Modi Approves New “Unified Pension Scheme”

Modi meets with delegation representing Central government employees, 2024

Last Friday (August 24), the Modi government approved a new “unified pension scheme (UPS),” which will offer a defined-benefit pension to 2.3 million government employees beginning April 1, 2025. The new scheme will function under the existing pension system, the National Pension System (NPS), a defined-contribution pension system that manages $110 billion to serve 63.5 million government employees

BTW: Defined-benefit pensions are employer-funded and promise a fixed payment amount to retirees; this was the typical corporate pension system in the 20th-century United States. Defined-contribution pensions accumulate a fixed contribution from the employee that will be paid back out in fluctuation amounts upon retirement. Defined-contribution plans have become more common since they are less likely to risk insolvency because they do not promise a specific payout.

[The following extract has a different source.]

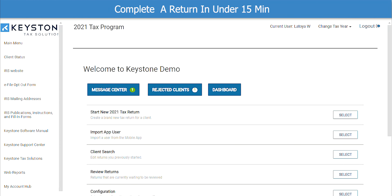Welcome to Keystone Tax Solutions. Today I will show you how to complete a return in 15 minutes or less with our Keystone Tax Solutions software.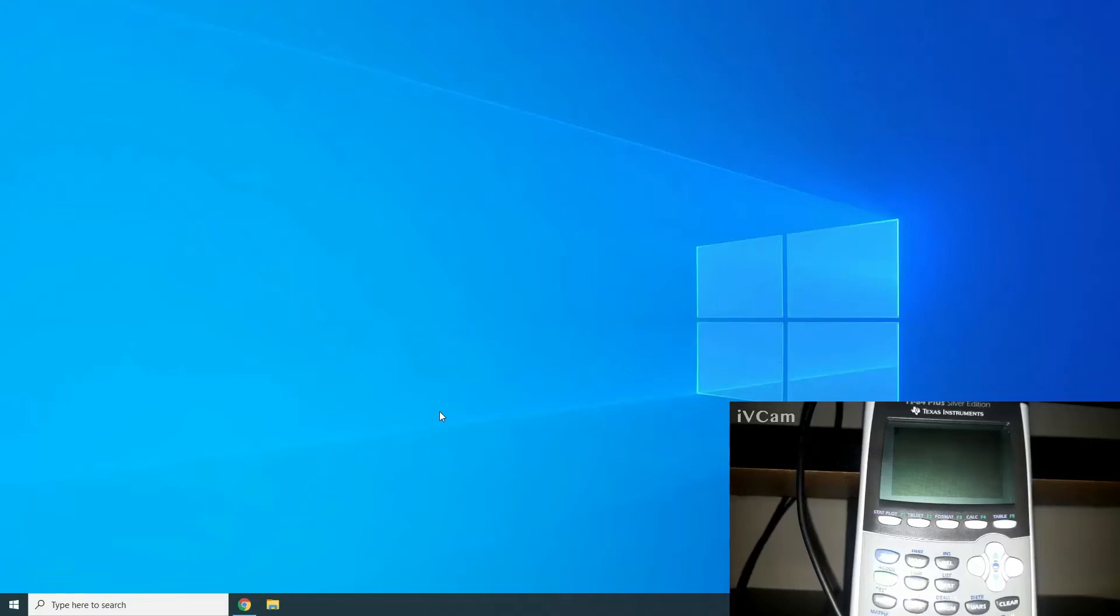Hello everybody on YouTube. Today I'm going to be showing you how to install ZDOOM on any calculator from the TI-80 lineup of calculators from Texas Instruments.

UPS is opt-in for government employees and is likely to see high amounts of switching since it promises a payout of 50% of last year's salary for any employee with a tenure of 25 years or more. The plan will cover all retirees retroactively since 2004 costing an additional $750M in the first year of implementation compared to the NPS system. Pensions are expected to cost the government $27.9B out of the total budget at $575B for the 2024-25 FY.

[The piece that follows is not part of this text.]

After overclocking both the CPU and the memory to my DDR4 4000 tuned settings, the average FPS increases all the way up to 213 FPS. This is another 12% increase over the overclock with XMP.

Looking at NPS first, employees contribute 10% of their base salary with the government matching 14%; the eventual payout is market returns on the contributions that are put into government debt usually. Currently, NPS is managed heavily by the Indian government with asset managers needing licenses and being strictly regulated by EPFO: 45-65% in government securities, 20-45% in other fixed income, 5% in short-term debt, and the rest in equities. NPS was fully funded however had no guaranteed payout due to market performance, a demand of many federal employees and groups arguing for worker rights. 

UPS sees government contribution being 18.5% compared to 14% which is leading to part of the higher government cost and the assured 50% payout. In terms of the additional $750M cost, part of the increase comes from arrears of already retired employees since 2004 who would benefit from UPS. UPS has similar fiscal management to NPS with government debt and other fixed income making up the majority of funding, and experts see both as well-funded with low chances of failing. This takes the best parts of the Old Pension System before 2004 with the NPS since employees get the assured payout of OPS plus being fully funded similar to NPS. 

India is one of the only major economies in the world to switch back to a direct benefit plan after going with a direct-contribution system for 2 decades.